Prime Borrowers: Cost of Mortgage Money Going Up

by Alex Stenback on December 11, 2007


To this point, prime borrowers have been relatively insulated from the effects of the mortgage mess.  There’s been some tightening of guidelines around the margins, the price of home loans for those with marginally-prime credit is already set to increase, and as can be seen seen in the graphic above, spreads over treasuries have increased (due to an increase in perceived risk for all home loans) and Jumbo (larger than 417K) mortgage rates have gotten much more expensive, relatively.

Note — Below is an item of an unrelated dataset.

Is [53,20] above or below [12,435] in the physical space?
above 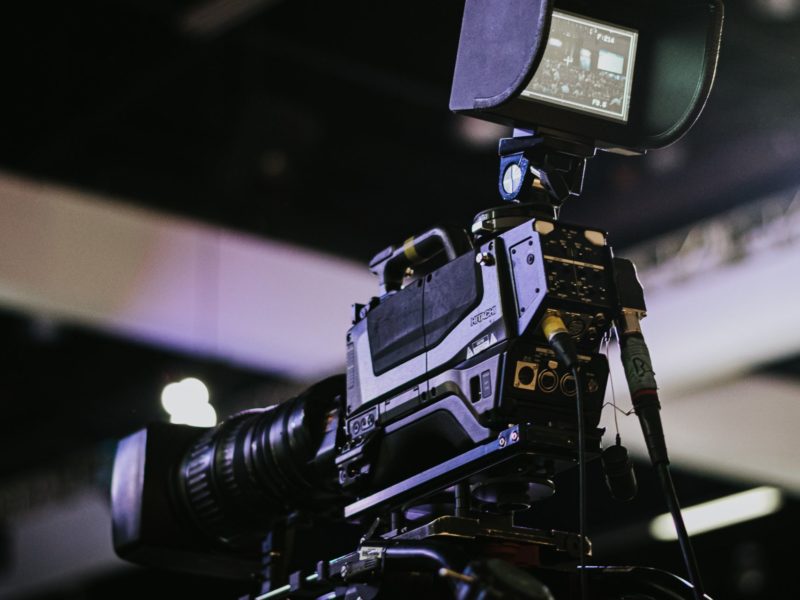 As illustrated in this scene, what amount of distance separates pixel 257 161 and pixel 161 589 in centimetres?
363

But for the most part, your average high FICO, prime-conforming (conforming = loan amounts under the agency limit of $417,000) borrower has seen very little impact as the mortgage credit markets have unwound.

This is about to change.  From the Wall Street Journal: Update: Freddie has followed Suit.

Fannie Mae, the giant government-sponsored mortgage investor, last week raised costs for many borrowers by quietly adding a 0.25% up-front charge on all new mortgages that it buys or guarantees. On a $400,000 mortgage, that would mean an extra $1,000 in fees, almost certain to be passed on to the consumer. Freddie Mac, the other big government-sponsored mortgage investor, is expected to impose a similar fee soon, according to a person familiar with the situation.

This is an across the board increase – regardless of credit score, loan-to-value, or any other factor.  Though most lenders have yet to implement this fee (goes into effect March 9th 2008, though many lenders will implement the add-on much earlier) and prime borrowers will see this increase either reflected as an up front fee, or a slightly higher rate.